Quando metteva le poesie in musica, a volte le riscriveva o ricomponeva. Per esempio, Sporca estate nasce dall’unione di due poesie differenti, accomunate dal tema dell’incapacità di essere affidabile come marito e padre:
Figli, come mi mancate.
Sporca estate.
E tu che dici
che ho distrutto la tua vita,
capirai mai
che il tuo dolore
si è aggiunto al mio?Nella mia vita non ho fatto
che rimorchiare,
sporca estate,
a mia volta rimorchiato,
quindi definitivamente scaricato.Figli, vi porterei a cena
sulle stelle,
ma non ci siete.
La canzone si conclude con Piero che, accompagnato dal pianoforte malinconico di Gianni Marchetti, continua a ripetere “ma non ci siete”, acuendo nell’ascoltatore il sentimento di solitudine.

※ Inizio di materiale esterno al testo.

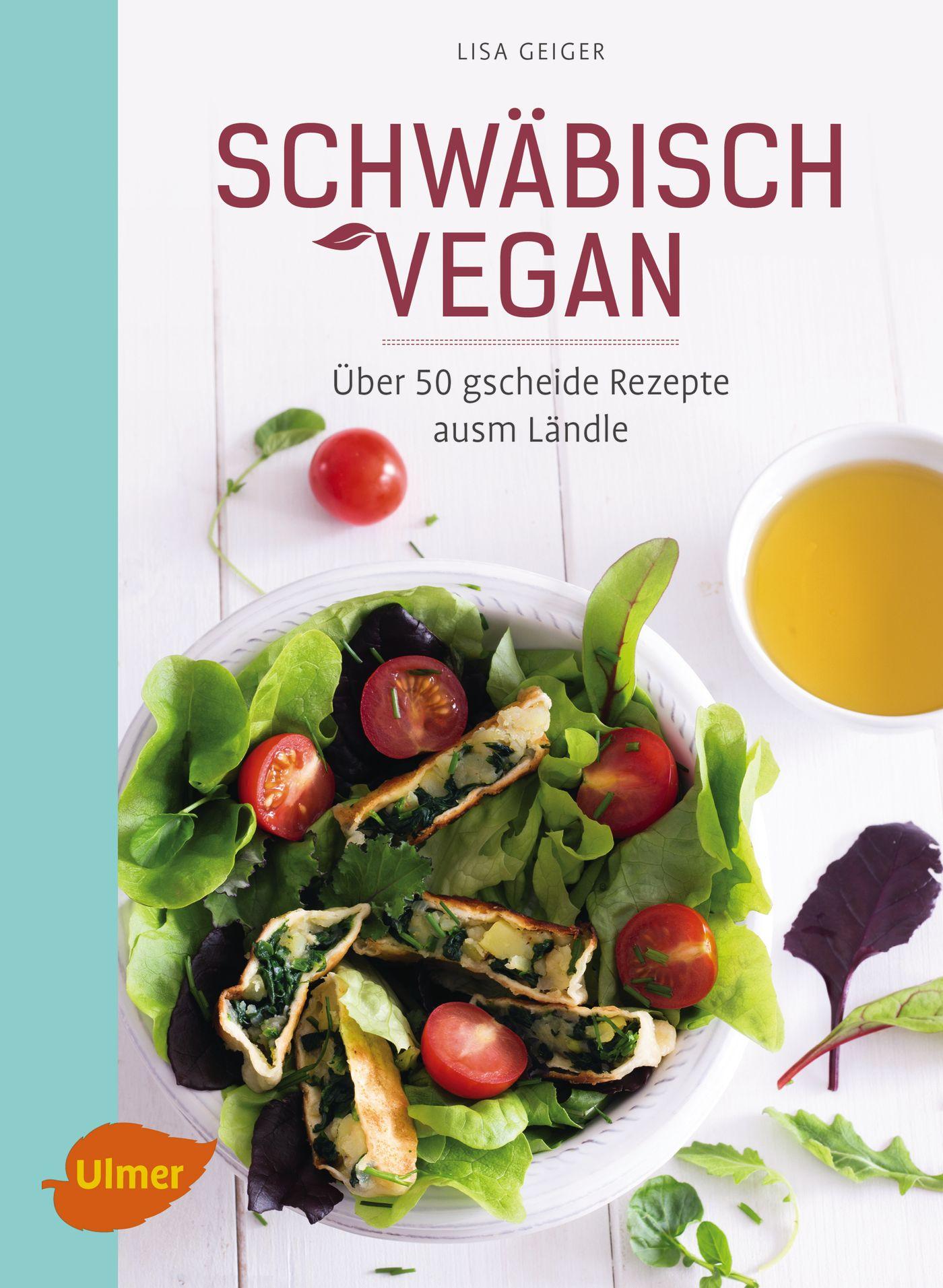 Vorderes Coverbild Schwäbisch vegan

Negli ultimi anni di vita, non scrisse quasi più nulla. Minata dall’alcol, la spinta creativa si era affievolita. Nell’intervista già citata di Lina Agostini del 1976, aveva detto:
- È la morte che mi fa soprattutto rabbia, perché non la posso fregare.

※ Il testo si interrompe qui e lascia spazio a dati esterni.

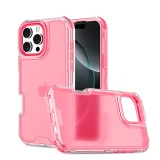 3 IN 1 Military Grade Protection Phone Case For iPhone 17 Air 16 15 14 Plus 13 12 Pro Max 11 Case Transparent Shockproof Armor Cover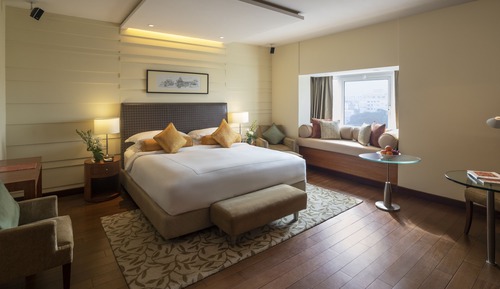 Luxury-Suite, 1 King-Bett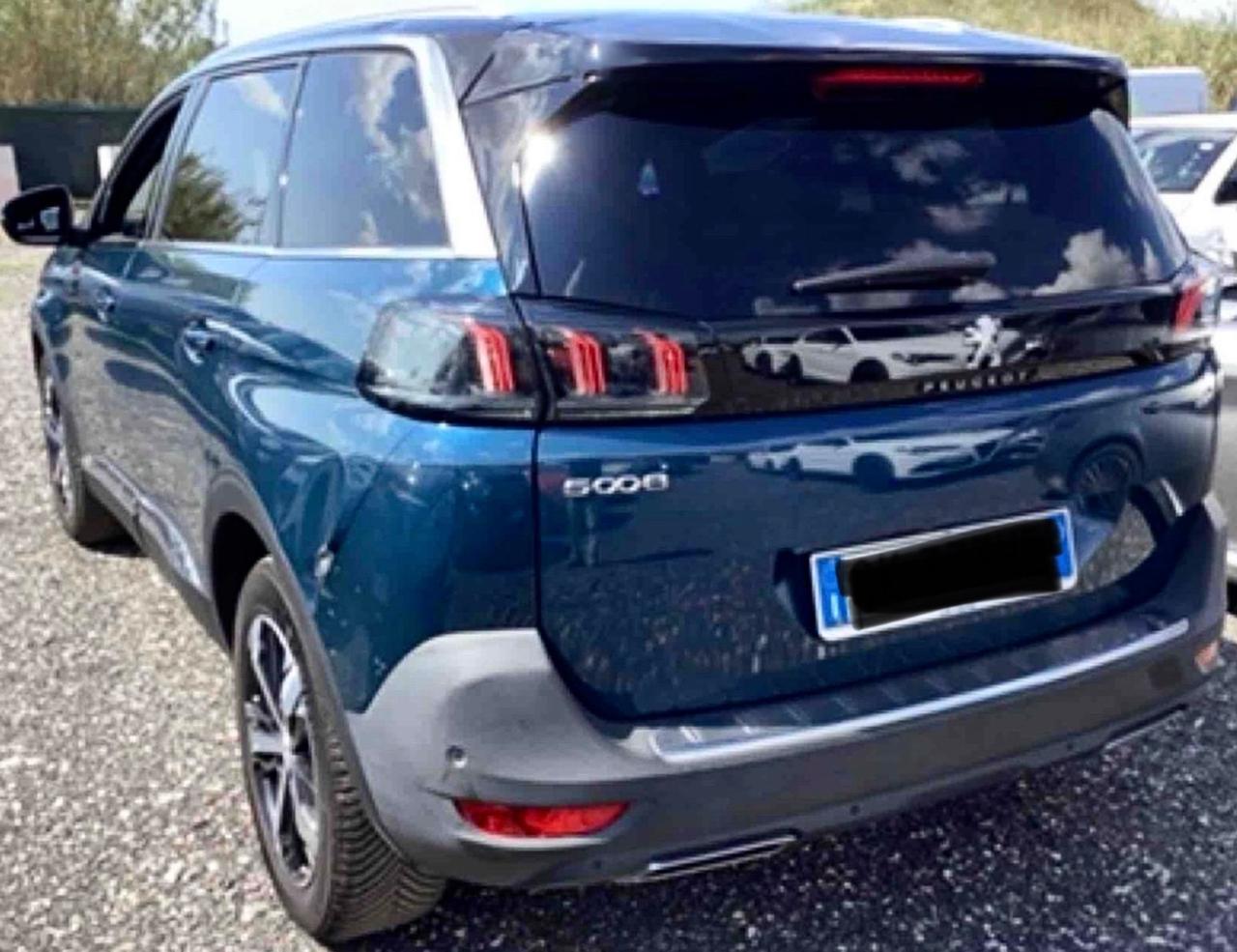 Peugeot 5008 BlueHDi 130 S&S EAT8 GT Pack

- E quando dice “io sono il più grande, l’unico”, chi cerca di fregare, se stesso o gli altri?
- Io sono davvero il più grande di tutti perché posso prendere trecentomila lire per sera e anche mezzo milione e mandare un altro a cantare al posto mio. Tanto chi conosce Piero Ciampi?
Negli ultimi dieci anni, artisti come Morgan, Vinicio Capossela e il livornese Bobo Rondelli hanno cercato di riscattare la figura di Piero Ciampi incidendo alcune sue canzoni e proponendole in concerto. I Baustelle, nel 2008, gli hanno reso omaggio nella canzone Baudelaire: “Nei fiori dei campi / vive Piero Ciampi”.

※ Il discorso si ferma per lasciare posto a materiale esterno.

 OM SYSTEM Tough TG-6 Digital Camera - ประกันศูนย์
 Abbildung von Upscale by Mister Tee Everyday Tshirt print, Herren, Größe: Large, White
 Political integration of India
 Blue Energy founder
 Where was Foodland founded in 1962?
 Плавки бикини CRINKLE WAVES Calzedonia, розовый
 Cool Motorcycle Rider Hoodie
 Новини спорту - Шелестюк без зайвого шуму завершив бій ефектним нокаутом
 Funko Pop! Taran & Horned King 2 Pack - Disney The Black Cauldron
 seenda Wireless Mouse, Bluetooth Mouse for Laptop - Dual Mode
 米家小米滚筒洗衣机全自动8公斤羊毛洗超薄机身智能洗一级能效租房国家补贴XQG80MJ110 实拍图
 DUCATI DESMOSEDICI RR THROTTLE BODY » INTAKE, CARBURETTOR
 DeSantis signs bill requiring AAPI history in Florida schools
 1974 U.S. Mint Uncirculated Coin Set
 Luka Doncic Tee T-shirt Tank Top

Nonostante sia diventato un piccolo fenomeno di culto, rimane tuttora sconosciuto alla maggior parte del pubblico. Per quale ragione? Forse la risposta migliore l’ha data Roberto Vecchioni, nel corso di una serata del 2014 organizzata a Livorno con lo scopo di ricordare il cantautore.
Vecchioni si è espresso con profondo affetto, sottolineando tutto ciò che lo lega personalmente alla figura di Ciampi, ma quando il giornalista gli ha chiesto se esista la possibilità di una riscoperta del cantautore, nel panorama musicale odierno, ha risposto: “Il problema di Ciampi è che non è ascoltabile, non ha grandi melodie, quindi come fa ad arrivare al pubblico? È arrivato a chi ha attenzione, sta lì e ascolta, cioè, arriva alle persone intelligenti, alle persone che oltre al cuore hanno anche intelligenza. Quindi togliamoci dalla mente che il novanta percento delle persone, e anche dei giovani, purtroppo, di questo mondo, di questa Italia, possano ascoltare Ciampi. Non lo ascolteranno mai”.
Ciampi morì nel 1980 per un cancro all’esofago. L’amico Gianni Elsner, attore e conduttore radiofonico, ha raccontato: “Piero stava già male e quando gli chiesi cosa avrebbe maggiormente desiderato, rispose: «Un fiore». Lo annunciai attraverso la radio e il giorno dopo, all’ospedale, centinaia di persone attendevano fuori dalla porta, tutte con un fiore in mano. La sua stanza era da venti letti. L’ho fatto sedere, lavato e pettinato, e come per un’azione di teatro ho dato il via. Tutti sono sfilati davanti a lui, lasciandogli il loro fiore — da vivo, non da morto! Gli riempirono il letto, e lui, tra l’incredulità e la commozione: «Ma sono tutti per me? E gli altri?» Io risposi: «Sì, sono tutti per te, gli altri avranno tempo». Morì il giorno dopo”.